A postscript exists to this story. For a few days later George Smith ran into a friend who was also acquainted with the phrenologist in question.

“He mentioned that a friend of his [a phrenologist] had examined a lady and was so much struck by the imaginitive power she possessed that he should like to find something out about her.”

Phrenological showmanship?

In all probability, yes.

42 thoughts on “The Brontë Brow: visiting the phrenologist

  1. What a delightfully obscure little piece of the story, Kate! How fascinating it is. I like to think that she was remarkable enough to merit an accurate reading that would have pointed to her creative genius, but poor Mr. Fraser must have felt so ordinary!

  2. I wonder if Charlotte’s verbal exchanges with the phrenologist had anything to do with his conclusion that her head:

    “. . . bears the stamp of deep thoughtfulness and comprehensive understanding….this lady possesses a fine organ of language, and can…express her sentiments with clearness, precision and force – sufficiently eloquent but not verbose.”

  3. I was very interested to read that they considered the language area to be just below the eye – wonder exactly how that showed up, in terms of pits, crevices… or maybe… bags? – I’d like to think these bags under my eyes had something positive to say about me. 😉

  4. It’s all hocus pocus I know, but how fascinating!

    (I’m so prone to getting lost that it was a family saying that I have ‘a very small bump of locality’)

  5. Something not very well known is the first name Charlotte went by: Caroline.

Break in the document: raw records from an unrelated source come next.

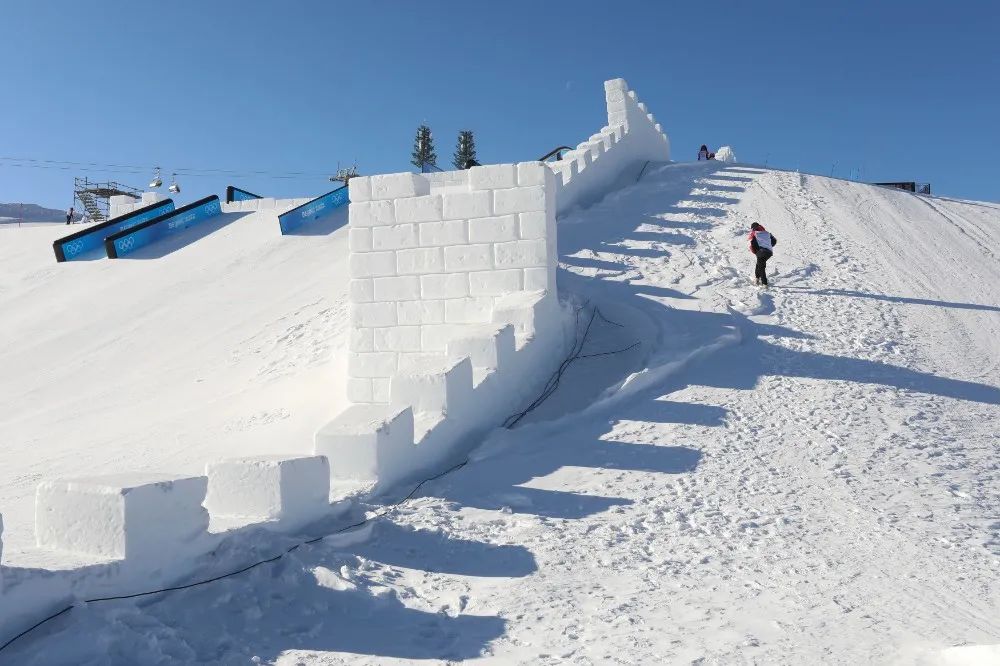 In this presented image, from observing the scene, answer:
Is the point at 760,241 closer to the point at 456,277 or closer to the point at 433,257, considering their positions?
the point at 456,277

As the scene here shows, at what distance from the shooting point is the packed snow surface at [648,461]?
3486 mm

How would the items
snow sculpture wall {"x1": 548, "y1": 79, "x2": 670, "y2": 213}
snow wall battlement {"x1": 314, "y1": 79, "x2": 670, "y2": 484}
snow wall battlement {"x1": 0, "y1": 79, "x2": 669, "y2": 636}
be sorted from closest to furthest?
snow wall battlement {"x1": 0, "y1": 79, "x2": 669, "y2": 636}, snow wall battlement {"x1": 314, "y1": 79, "x2": 670, "y2": 484}, snow sculpture wall {"x1": 548, "y1": 79, "x2": 670, "y2": 213}

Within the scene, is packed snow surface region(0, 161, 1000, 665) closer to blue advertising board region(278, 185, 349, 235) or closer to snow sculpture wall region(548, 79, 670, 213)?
snow sculpture wall region(548, 79, 670, 213)

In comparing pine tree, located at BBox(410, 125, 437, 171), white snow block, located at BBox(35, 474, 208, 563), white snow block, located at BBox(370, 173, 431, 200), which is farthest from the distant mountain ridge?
white snow block, located at BBox(35, 474, 208, 563)

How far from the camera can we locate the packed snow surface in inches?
137

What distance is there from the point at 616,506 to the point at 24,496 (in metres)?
5.00

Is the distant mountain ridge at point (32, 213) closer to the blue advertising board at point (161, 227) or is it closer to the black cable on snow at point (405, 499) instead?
Answer: the blue advertising board at point (161, 227)

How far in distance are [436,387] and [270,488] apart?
1767mm

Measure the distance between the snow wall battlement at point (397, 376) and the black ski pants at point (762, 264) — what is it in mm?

    The whole quote from George’s autobiography was funny. “Dr. Browne could not have had any idea whose head he was examining. A few days afterwards Mr. Richard Doyle, whom I used to see frequently, mentioned that a friend of his had examined the head of a lady, and was so much struck by the imaginative
    power she possessed that he should like to find out something about her. ‘ If he succeeds,’ said Richard Doyle, ‘ I will tell you who she is ; for, if Dr. Browne is right, the lady ought to be worth your looking after.'”

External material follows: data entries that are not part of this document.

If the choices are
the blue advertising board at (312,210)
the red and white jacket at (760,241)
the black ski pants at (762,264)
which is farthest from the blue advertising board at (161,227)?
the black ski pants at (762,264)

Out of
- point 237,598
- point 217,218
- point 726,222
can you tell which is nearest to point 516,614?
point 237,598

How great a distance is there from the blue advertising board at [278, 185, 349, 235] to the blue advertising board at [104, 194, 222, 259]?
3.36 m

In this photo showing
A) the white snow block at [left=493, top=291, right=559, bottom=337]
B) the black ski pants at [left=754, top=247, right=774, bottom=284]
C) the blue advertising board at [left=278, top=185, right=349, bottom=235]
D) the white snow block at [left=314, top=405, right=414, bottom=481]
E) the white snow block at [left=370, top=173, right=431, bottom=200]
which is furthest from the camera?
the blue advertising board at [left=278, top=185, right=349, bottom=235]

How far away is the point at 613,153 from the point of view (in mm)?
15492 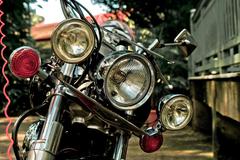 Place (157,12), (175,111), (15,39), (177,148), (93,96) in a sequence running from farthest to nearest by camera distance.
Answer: (157,12), (15,39), (177,148), (175,111), (93,96)

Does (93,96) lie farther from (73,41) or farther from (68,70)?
(73,41)

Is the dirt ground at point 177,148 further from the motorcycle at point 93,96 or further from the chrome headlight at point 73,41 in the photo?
the chrome headlight at point 73,41

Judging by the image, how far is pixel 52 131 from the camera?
1.91m

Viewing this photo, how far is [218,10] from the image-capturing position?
5.52m

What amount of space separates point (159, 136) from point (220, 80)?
2.82m

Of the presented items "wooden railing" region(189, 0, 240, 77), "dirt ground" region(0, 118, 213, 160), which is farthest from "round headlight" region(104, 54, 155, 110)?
"dirt ground" region(0, 118, 213, 160)

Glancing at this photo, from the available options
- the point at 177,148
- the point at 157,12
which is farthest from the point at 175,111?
the point at 157,12

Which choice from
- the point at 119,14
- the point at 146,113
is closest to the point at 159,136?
the point at 146,113

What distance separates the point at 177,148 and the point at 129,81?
4.60 m

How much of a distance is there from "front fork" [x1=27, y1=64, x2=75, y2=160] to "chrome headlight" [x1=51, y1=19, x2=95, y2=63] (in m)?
0.18

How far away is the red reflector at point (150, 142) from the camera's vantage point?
7.02 feet

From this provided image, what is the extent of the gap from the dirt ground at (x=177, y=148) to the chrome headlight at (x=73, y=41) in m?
2.90

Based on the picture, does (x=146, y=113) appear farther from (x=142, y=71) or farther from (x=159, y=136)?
(x=142, y=71)

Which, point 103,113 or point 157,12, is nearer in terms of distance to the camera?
point 103,113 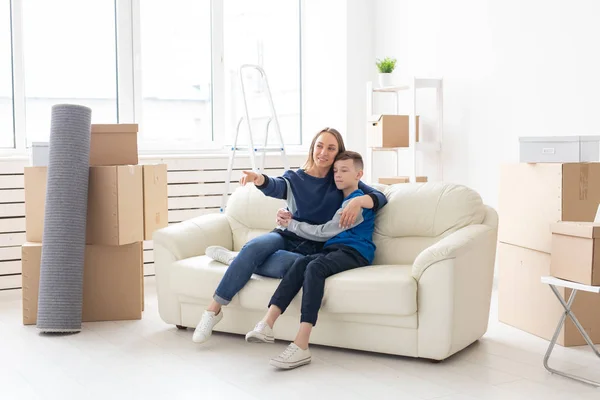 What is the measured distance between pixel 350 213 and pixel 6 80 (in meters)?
2.91

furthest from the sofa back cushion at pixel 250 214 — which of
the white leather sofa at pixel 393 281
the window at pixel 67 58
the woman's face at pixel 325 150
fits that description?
the window at pixel 67 58

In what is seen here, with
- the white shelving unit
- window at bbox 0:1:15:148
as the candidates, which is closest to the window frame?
window at bbox 0:1:15:148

    Charlotte said the one of George was very accurate also. Part of it reads:

    “He is an admirer of the fair sex. He is very kind to children. Is strongly attached to his home. Is of a very affectionate and friendly disposition. Is of an open undesigning disposition. He is endowed with much benevolent feeling and would be liberal to those suffering in poverty. He is deferential and respectful and there is not a tincture of arrogance in his nature. He possesses a high sense of justice and much firmness; a strong love of distinction, but scarcely an adequate opinion of his own capabilities. Is fond of the ideal and romantic and possesses a strongly developed organ of language. He has a just sense of the value of time and is not prone to procrastinate. Is active and practical though not hustling or contentious. His feelings are easily moved but he has a very forgiving temper.”

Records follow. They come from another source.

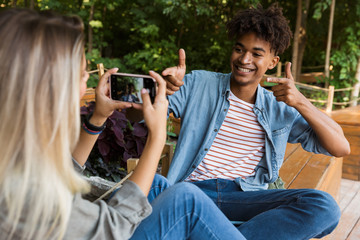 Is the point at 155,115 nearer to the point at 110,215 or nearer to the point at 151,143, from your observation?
the point at 151,143

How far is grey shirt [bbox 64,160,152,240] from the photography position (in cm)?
86

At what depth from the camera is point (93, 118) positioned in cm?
129

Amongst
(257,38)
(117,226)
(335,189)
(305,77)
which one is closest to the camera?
(117,226)

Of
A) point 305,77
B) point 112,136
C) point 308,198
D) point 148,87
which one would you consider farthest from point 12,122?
point 305,77

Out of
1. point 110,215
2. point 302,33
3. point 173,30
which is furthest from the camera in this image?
point 173,30

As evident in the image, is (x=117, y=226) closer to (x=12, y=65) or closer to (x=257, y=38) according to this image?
(x=12, y=65)

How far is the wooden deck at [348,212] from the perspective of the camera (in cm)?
246

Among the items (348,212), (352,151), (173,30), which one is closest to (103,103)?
(348,212)

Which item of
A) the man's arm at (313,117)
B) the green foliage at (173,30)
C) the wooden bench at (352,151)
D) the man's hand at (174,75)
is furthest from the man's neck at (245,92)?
the green foliage at (173,30)

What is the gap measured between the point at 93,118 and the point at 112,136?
984mm

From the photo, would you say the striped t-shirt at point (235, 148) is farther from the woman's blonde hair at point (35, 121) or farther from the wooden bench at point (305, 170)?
the woman's blonde hair at point (35, 121)

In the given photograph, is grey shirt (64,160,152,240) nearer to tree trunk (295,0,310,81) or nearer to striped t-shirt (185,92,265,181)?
striped t-shirt (185,92,265,181)

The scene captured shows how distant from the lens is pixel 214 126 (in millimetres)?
1780

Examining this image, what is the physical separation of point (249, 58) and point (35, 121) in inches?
48.5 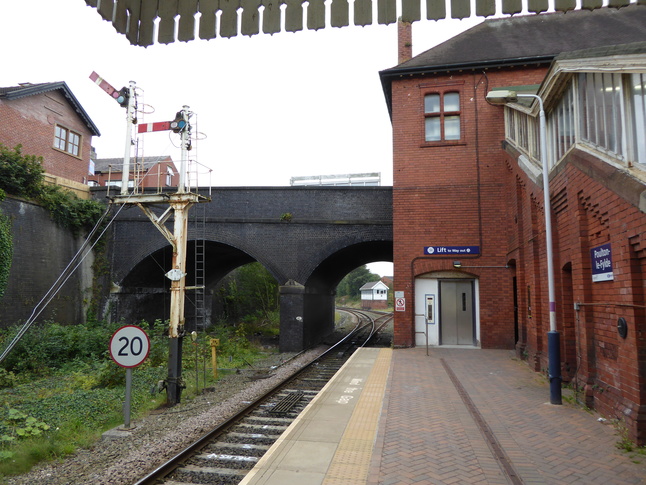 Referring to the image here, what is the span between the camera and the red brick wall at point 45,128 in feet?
80.1

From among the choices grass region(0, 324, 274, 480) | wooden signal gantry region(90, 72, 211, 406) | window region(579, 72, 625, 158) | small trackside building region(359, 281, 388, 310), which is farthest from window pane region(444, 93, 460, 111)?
small trackside building region(359, 281, 388, 310)

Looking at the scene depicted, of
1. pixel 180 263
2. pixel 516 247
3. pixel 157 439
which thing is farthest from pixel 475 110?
pixel 157 439

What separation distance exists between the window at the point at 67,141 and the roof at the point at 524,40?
20.5 metres

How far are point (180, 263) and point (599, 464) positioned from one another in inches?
355

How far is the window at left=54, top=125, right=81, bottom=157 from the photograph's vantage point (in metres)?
27.6

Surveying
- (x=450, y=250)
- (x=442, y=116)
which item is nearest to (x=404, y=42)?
(x=442, y=116)

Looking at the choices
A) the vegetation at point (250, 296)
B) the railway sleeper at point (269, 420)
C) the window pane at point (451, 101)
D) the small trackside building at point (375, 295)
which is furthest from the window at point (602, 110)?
the small trackside building at point (375, 295)

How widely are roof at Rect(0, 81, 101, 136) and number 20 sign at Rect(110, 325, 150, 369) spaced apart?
22444 millimetres

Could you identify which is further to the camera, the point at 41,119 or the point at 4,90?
the point at 41,119

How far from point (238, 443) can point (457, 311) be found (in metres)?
10.8

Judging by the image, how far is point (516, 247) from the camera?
13.8 meters

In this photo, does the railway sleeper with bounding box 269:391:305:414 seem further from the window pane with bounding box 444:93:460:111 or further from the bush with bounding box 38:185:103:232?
the bush with bounding box 38:185:103:232

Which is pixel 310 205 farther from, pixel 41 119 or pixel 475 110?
pixel 41 119

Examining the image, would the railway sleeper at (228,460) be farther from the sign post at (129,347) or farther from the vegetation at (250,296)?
the vegetation at (250,296) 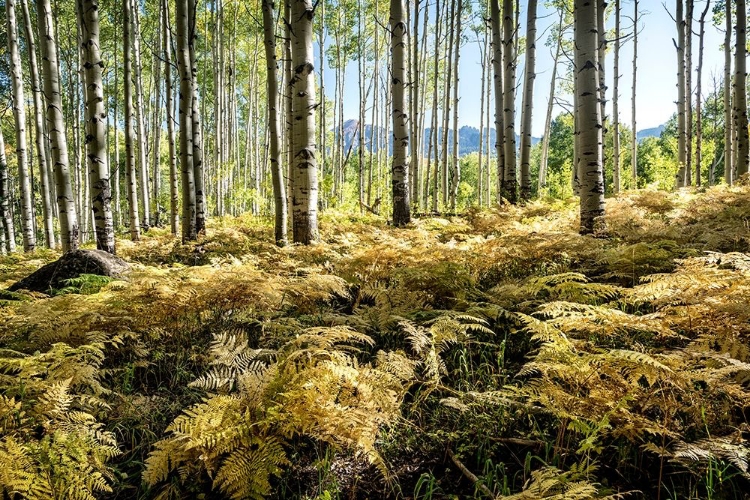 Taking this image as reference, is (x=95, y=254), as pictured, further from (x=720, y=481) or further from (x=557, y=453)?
(x=720, y=481)

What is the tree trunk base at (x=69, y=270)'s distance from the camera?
487cm

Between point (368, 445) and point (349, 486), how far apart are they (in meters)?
0.27

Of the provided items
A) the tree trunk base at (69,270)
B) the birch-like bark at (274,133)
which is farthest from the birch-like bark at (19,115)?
the tree trunk base at (69,270)

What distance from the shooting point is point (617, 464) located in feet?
5.60

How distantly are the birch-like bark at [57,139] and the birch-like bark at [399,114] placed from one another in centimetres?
579

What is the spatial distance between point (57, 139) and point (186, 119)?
2.18 m

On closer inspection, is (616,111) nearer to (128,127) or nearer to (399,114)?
(399,114)

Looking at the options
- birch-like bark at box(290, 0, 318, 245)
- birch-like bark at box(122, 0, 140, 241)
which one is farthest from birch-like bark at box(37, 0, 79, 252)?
birch-like bark at box(290, 0, 318, 245)

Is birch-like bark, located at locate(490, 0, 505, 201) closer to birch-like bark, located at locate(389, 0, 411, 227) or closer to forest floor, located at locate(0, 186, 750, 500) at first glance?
birch-like bark, located at locate(389, 0, 411, 227)

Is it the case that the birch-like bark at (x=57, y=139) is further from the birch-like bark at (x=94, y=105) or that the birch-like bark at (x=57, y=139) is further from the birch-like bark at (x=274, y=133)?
the birch-like bark at (x=274, y=133)

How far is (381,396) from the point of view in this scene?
1.96m

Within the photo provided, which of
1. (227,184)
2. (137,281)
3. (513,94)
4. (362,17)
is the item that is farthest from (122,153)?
(137,281)

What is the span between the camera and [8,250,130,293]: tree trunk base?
4.87 meters

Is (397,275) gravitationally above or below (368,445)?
above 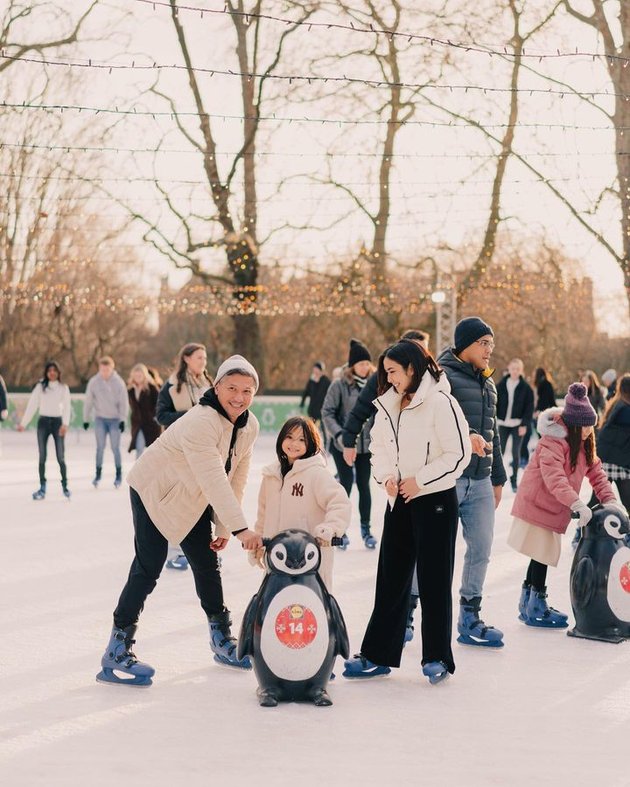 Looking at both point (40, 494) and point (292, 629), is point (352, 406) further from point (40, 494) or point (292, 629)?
point (40, 494)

    If anyone wants to see the whole phrenological estimate of Charlotte go here:phrenology.org/charlotte.html

  6. I see no reason why shapes of the head should not reveal something about the person, just as handwriting does. People are also quite happy to see ‘alternative practitioners’ look for energy points of the body and so forth?
    I was aquainted with ‘Phrenology’ from an early age, having for fun learnt the Gilbert Bab Ballad of that title. ‘Observe his various bumps, his head as I uncover it; His morals lie in lumps, all round about and over it’ … It deals with Sir Herbert White complaining that he has been assaulted, but the phrenologist policeman eventually declares the assailant to be a saint and arrests White!

  7. Phrenology fascinates me. It’s right up there with the 4 humors in terms of odd science & medicine. But the concept of the 4 humors was around for a long time, whereas phrenology seems like they were just capitalizing on the VIctorian penchant for new “scientific” study. Having said that, the phrenology charts and models were works of art.

  8. Kate, it’d be easy to dismiss this “science,” but I do recall when two different psychics were spot on about something that (1) was about to happen – he even gave an exact date; and (2) another one touched on something that had happened – including something that had been written to me. Wowzer!